A common solution to the difficulty of matching users and data with workflows is to develop web services. For example, the quantitative image analysis of estrogen receptor, progesterone receptor, and more generically, the Ki-67 immunohistochemistry staining results in breast cancer tissue sections can be conveniently performed by submitting the image to a public web service.  Users benefit from improvements in the code automatically and no application needs to "installed," therefore overcoming concerns with compromising privacy or degrading the performance of existing applications in the client machine. However, that solution comes with its own problems. Submitting to a remote service exposes the image to a third party outside the reach of institutional IT; updates in the web service may cause results not to be reproducible and the server side application is typically not exposed to public scrutiny, limiting the opportunities for other quantitative researchers to advance or even fully understand the underlying algorithms;  bioinformatics web services are also notorious for relatively short lifetimes, reflecting a sustainability model that can only be met in the long term by institutional commitment or by commercial products. 

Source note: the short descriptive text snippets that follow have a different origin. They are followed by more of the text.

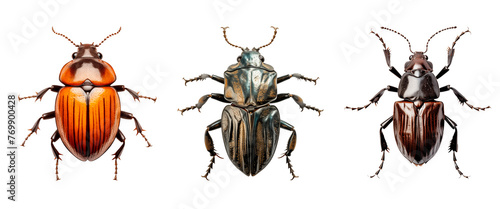Set of beetles isolated on a white or transparent background. Brown and orange beetles, close-up, top view. Insect theme graphic design element. © AGSOL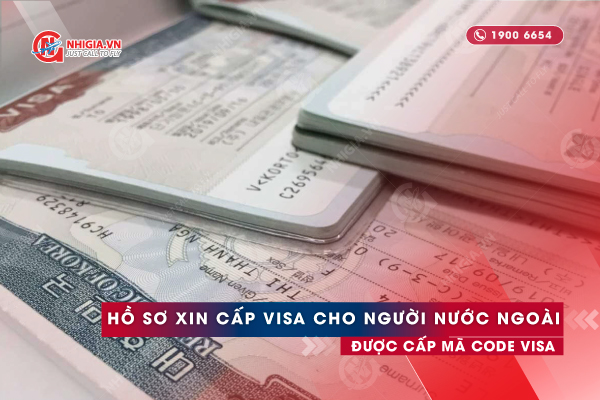 Hồ sơ xin cấp visa cho người được cấp code visa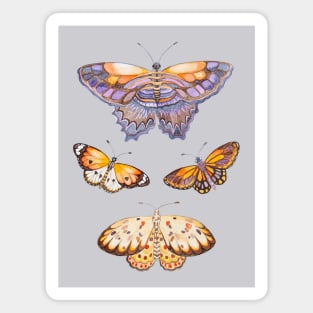 Butterflies Magnet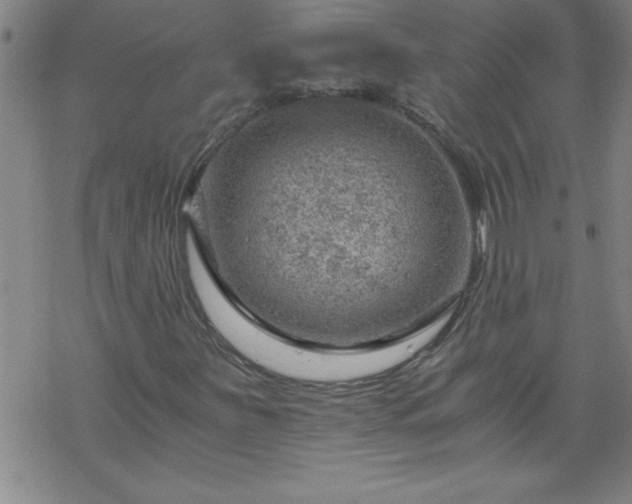 X0000068901251200605122051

A third solution might be to develop web services that deliver the software rather than process the data, the software-as-a-service (SaaS) model. This possibility was anticipated in the eve of Web 2.0 bioinformatics applications.  It was then predicted that a Web 3.0 would eventually emerge with "read-write-execute" capabilities that could be explored by analytical workflows. The ImageJS webApp ecosystem described in this report advances along those exact lines without crossing the lines set by requirements of privacy, scalability, reproducibility, and sustainable deployment associated with the biomedical environment. It also pays particular attention to the need for producing and delivering reproducible research, a topic that is taking center stage as bioinformatics increasingly seeks to deliver data-intensive solutions with translational usage.  Specifically, if an image analysis result can be retrieved directly from the published image, with both the data and the analytical environment that generated the result, then one could indeed claim to be reporting Reproducible Research.  Accordingly, ImageJS seeks to deliver image analysis results meeting the gold standard in that report's description of the Spectrum of Reproducibility [Figure 1]. 
|Figure 1: ImageJS migrates through "script tag loading" to the browser (by pointing a script.src to http://imagejs.github.com/ imagejs.js), where it creates an object with a method, imagejs. loadModule, that will import and register additional components onto imagejs.modules, while keeping data meant to be shared between modules in imagejs.data. The corresponding UML representation is appended to the lower left side of the browser box. The solid lines represent programmatic exchanges and dashed line represents an exchange that requires user intervention, such as the loading or saving an image/analysis|
Click here to view
The possibility of approaching software development as an open organic process, which is explored by the ImageJS webApp environment described here, has been proposed before as a requirement for "Medicine 2.0."  As discussed in that report, such an approach would blur the separation between software development and software deployment, turning coding into a conduit for workflow assembly that is more akin to social networking mechanisms. This is a departure from conventional bioinformatics infrastructure that can also be construed as a response to the mounting knowledge re-engineering bottleneck.  It would provide a beyond the data deluge solution  to image analysis where the computation is pushed to where the data is, rather than the customary approach of shuffling the data among a myriad of analytical services.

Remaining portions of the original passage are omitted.